Monday, 8 January, 2007 , 12:43
"I will take responsibility for using the chemical weapons. No one can direct the strike without my approval," the voice claimed by trial prosecutor Munqith al-Faroon to be that of Saddam is heard saying on the tape.
"It is better to use this weapon in crowded places to be effective on as many people as possible," the voice is heard saying.
Faroon produced the dramatic tape soon after the resumption of the genocide trial of six former Iraqi regime officials accused of slaughtering 182,000 Kurdish villagers in the 1980s.
Saddam, hanged on December 30 after being found guilty of crimes against humanity in a separate trail, had been chief accused in the genocide trial.

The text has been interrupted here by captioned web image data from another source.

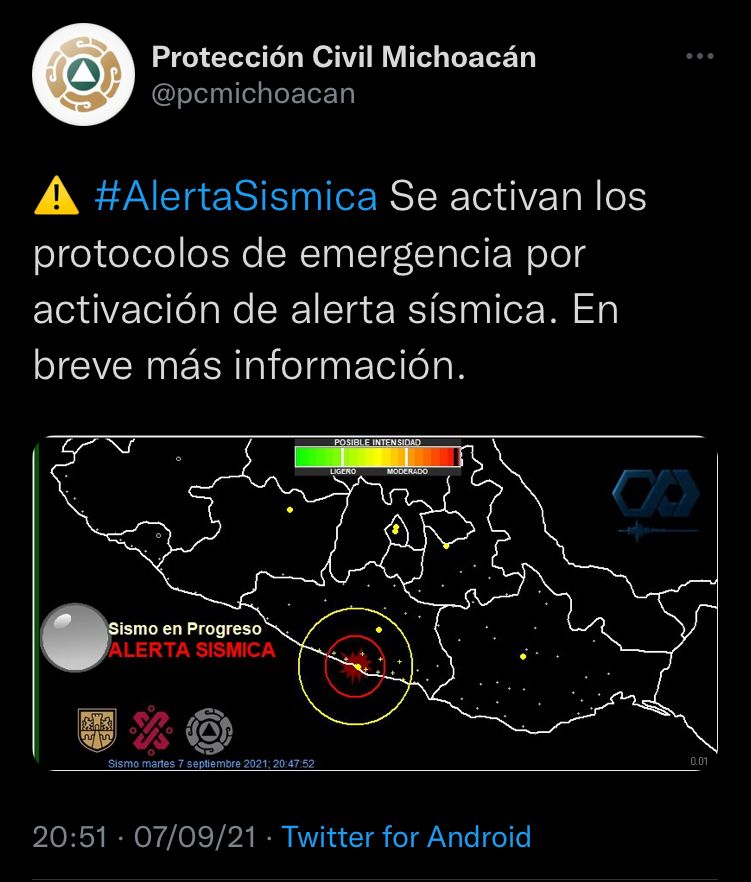 fuerte sismo Michoacán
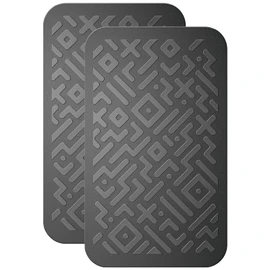 Car Dashboard Non Slip Mat, Brlvget Anti Slip Gel Pad, Multifunctional Fixate Anti Slide Sticky Dash Pad for Radar Detector, Cell Phone, Keys, Glass, Mirrors, GPS, Coins 5.3 x 3.2 inch (2 Pack)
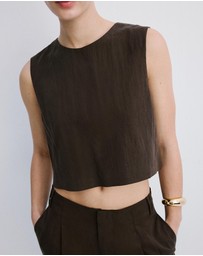 M.N.G - Lyocell Top with Buttons On The Back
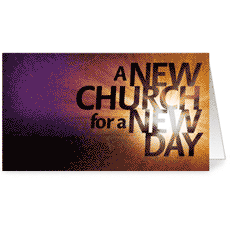 church invitation cards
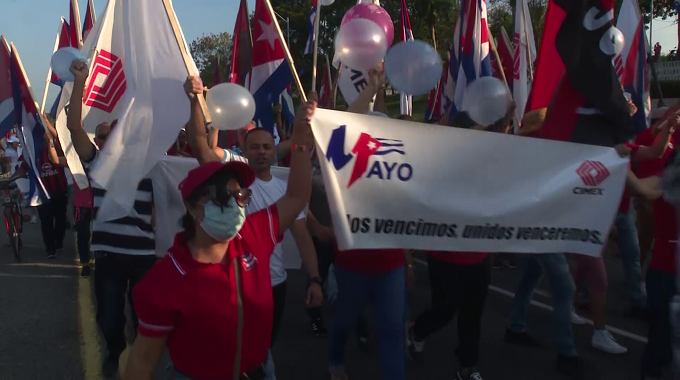 Celebran en #LasTunas Día Internacional de los Trabajadores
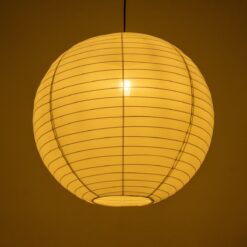GLOBOSTAR® ROMINA 62005 Μοντέρνο Κρεμαστό Φωτιστικό Οροφής με Ντουί 1 x E27 AC 220-240V IP20 – Λευκό – Μ60 x Π60 x Υ55cm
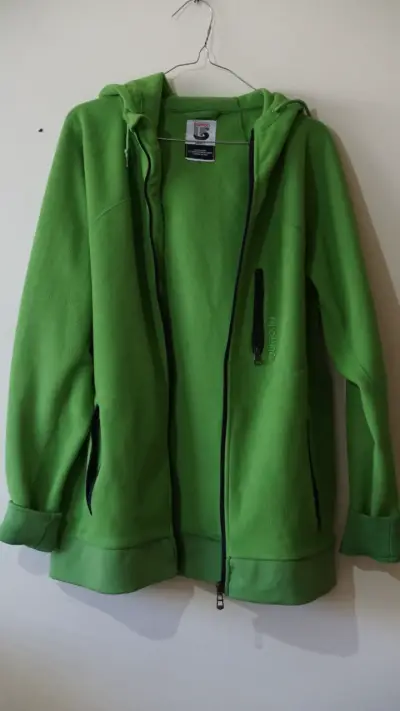 Chaqueta polar verde Burton con capucha - miniatura 1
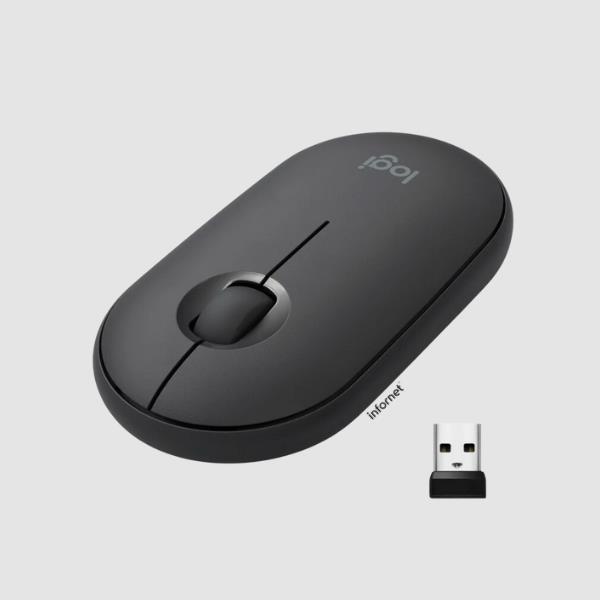 Ratón Logitech Pebble M350 - grafito - nano receptor
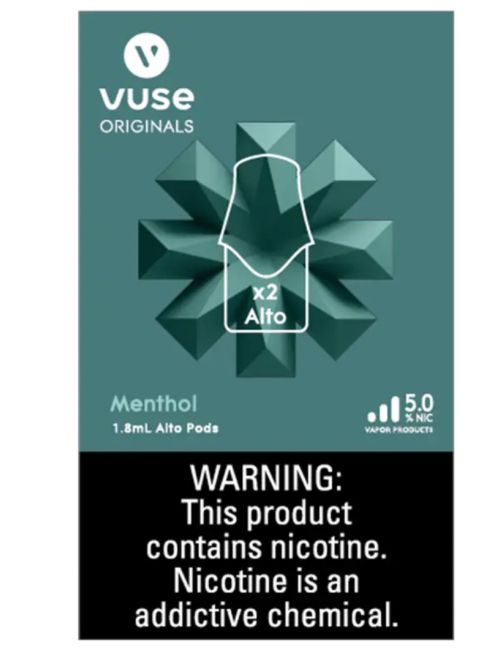 VUSE Pods Menthol 5% 2pk
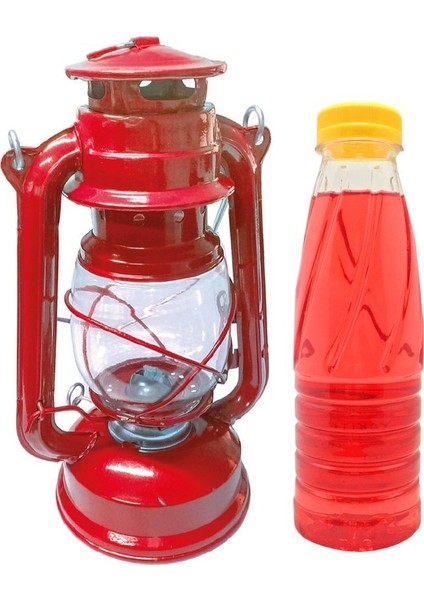 Kurtbeymutfak Klasik Gemici Feneri Büyük Boy + 400 ml Kandil Yağı + 1 M Yedek Fitik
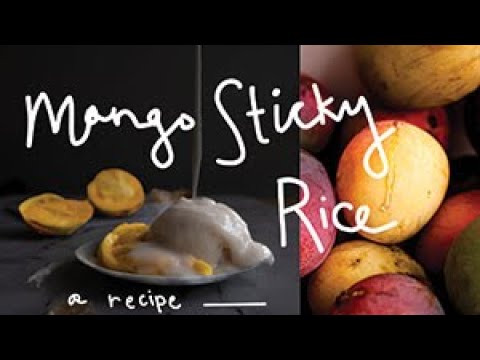 Recipe for Mango Sticky Rice Dessert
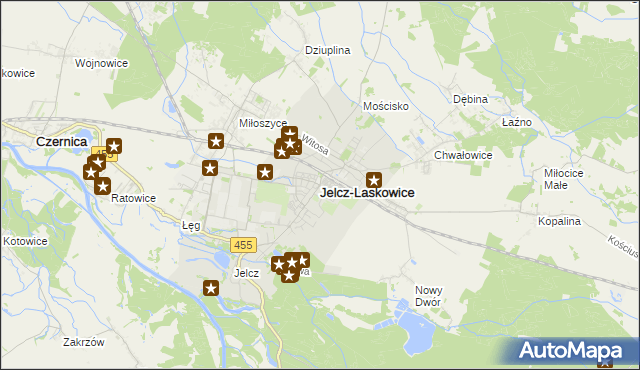 mapa Jelcz-Laskowice, Jelcz-Laskowice na mapie Targeo
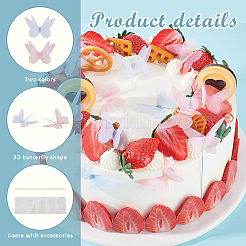 6 набор 2-х цветных украшений для торта в виде бабочек из железа и бумаги DIY-GA0007-53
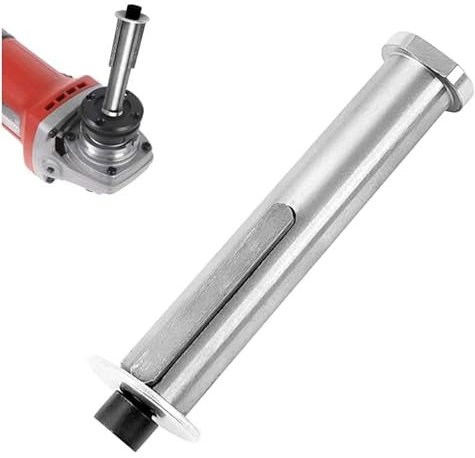 M14 Gewinde Satinierwalze für 125mm Winkelschleifer, Schleifaufsatz für Winkelschleifer, Schnellwechselbare Rollen, Robust und Langlebig, Silber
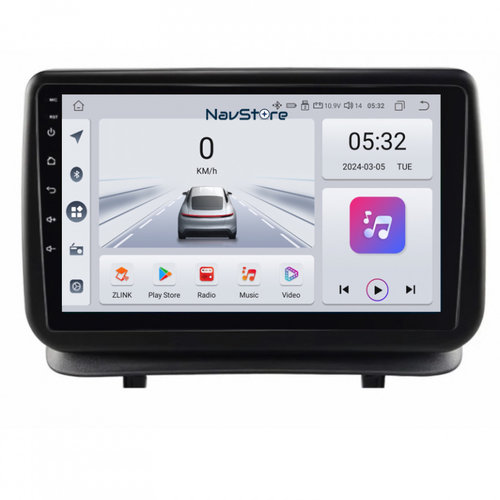 Navigatie Android Dedicata Renault Clio 3 (2005-2014), 9Inch, 4Gb Ram, 64Gb Stocare, Bluetooth, WiFi...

But the chief judge, Mohammed al-Oreibi al-Khalifah, said at the start of the session that the Iraqi High Tribunal (IHT) had dropped all legal proceedings against him.
Saddam had been a familiar sight in the dock since the proceedings began on August 21 in Baghdad, showing defiance from his front row position and frequently railing against court officials and witnesses.
Despite his execution, the ousted despot's presence loomed large at the trial, with his seat at the front of the dock conspicuously empty and his voice booming from the audio tape.
"We have to remove the Kurdish people to other governorates and countries, to end the Kurdish nationality and to stop saboteurs' acts," the voice says.
"We have to allow them to live and work in Tikrit so that they will become Arabs."
Faroon said the tape proved the former regime intended "to fight Kurdish culture, it is a genocide."
The voice is also heard saying, "The Kurds are very aggressive people, all their characteristics are just like the Iranian."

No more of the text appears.